プログラムに応募し選出されたスタートアップ6社とコーセー社員の共同チームは、中間答申までの約2ヶ月間、膝をつきあわせながら意見を交わし合いアイデアを磨いてきた。――そして10月24日に開催された審査当日。スタートアップが持つ先端テクノロジー・アイデアと、コーセー社員が現場で感じた課題が掛け合わせて生み出した情熱的で斬新なプランが、コーセーの役員陣の眼前でプレゼンテーションされた。

▲ファシリテーターを務めるインキュベータ石川氏

▲プレゼンテーションを行うコーセー社員

プレゼンテーションの中からは、「量子コンピュータ」、「顔認識技術」、「人工知能を活用したコミュニケーション」……など、これまでのコーセーには馴染みの薄かったビジネスアイデアやキーワードが頻出した。審査員の一人でもあるWiLの伊佐山氏からは、各プランについて鋭い質問が入り、さらに、コーセーの役員陣からも事業のリアルな課題と照らし合わせた質問がなされた。

▲事業プランに対しての質問をするコーセー役員陣

6チームによるプレゼンテーション終了後、WiLの伊佐山氏は「Linkを通じて自らプログラムに参加したコーセー社員のパッションが強かった。非常に意欲的な社員とチームを組めるというのはこのプログラムの特色になっている」と感想を述べた。
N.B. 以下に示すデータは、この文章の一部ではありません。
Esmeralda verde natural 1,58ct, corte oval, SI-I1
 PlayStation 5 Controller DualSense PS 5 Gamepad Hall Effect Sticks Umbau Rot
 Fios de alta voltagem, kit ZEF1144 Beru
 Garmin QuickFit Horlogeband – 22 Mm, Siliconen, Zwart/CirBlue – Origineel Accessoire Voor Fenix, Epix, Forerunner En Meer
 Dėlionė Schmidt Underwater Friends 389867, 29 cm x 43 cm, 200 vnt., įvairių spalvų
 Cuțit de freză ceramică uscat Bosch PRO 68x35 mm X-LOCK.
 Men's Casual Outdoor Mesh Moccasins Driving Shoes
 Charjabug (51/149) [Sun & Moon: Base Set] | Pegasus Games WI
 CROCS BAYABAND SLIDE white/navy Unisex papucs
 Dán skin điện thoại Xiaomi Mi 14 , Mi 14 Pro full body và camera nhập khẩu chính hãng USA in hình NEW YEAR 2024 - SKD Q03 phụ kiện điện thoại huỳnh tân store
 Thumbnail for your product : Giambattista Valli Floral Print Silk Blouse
そして最後に代表取締役社長・小林一俊代表氏(写真下)が審査会を総括。「80件以上の中から選ばれた6チームのアイデアを興味深く聞き、社長である私が抱える悩みや課題と重なることも多いと感じた。今後、壮大で次世代に向けた新たな価値創造へ発展していくことを期待している」とコメントした。

1月末にDemoDay開催。コーセーを進化させる事業は生まれるか

審査会を通過したチームは、1月末に開催されるDemoDayに向けて、協業モデルの具体化作業に入っていく。DemoDayでは最終的な採択案が決定し、事業化に向けた実証実験/PoCなどさらに加速していく予定だ。

このプログラムを通して採択された新しい共創モデルが、コーセーの進化を加速させるキッカケの一つになるかもしれない。審査会の結果、そしてDemoDayの模様、実証実験などにも引き続き、注目していきたい。